===== Extracted data =====

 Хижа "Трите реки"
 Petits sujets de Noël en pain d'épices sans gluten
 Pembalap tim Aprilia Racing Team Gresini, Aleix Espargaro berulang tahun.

=====
===== Extracted data =====

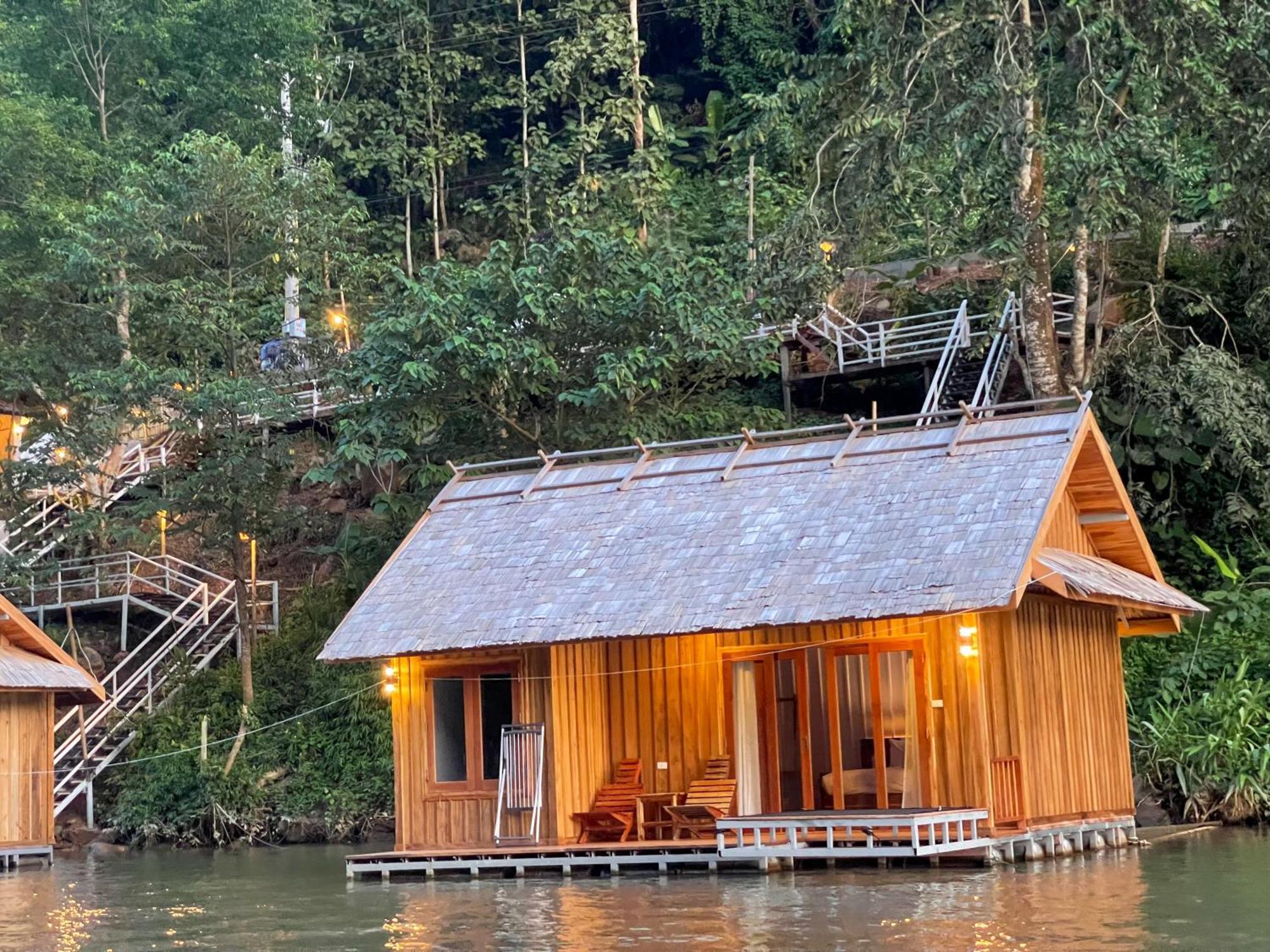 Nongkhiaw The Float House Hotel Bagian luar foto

=====
===== Extracted data =====

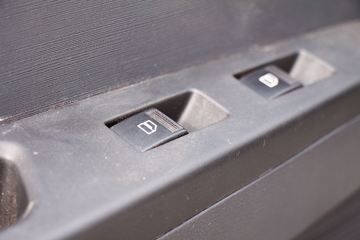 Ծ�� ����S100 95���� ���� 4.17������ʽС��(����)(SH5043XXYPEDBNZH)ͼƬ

=====

Within the data above, the span starting at the line containing "Petits sujets de" and ending at the line containing "Pembalap tim Aprilia" is to be retyped exactly, with no other lines.

 Petits sujets de Noël en pain d'épices sans gluten
 Pembalap tim Aprilia Racing Team Gresini, Aleix Espargaro berulang tahun.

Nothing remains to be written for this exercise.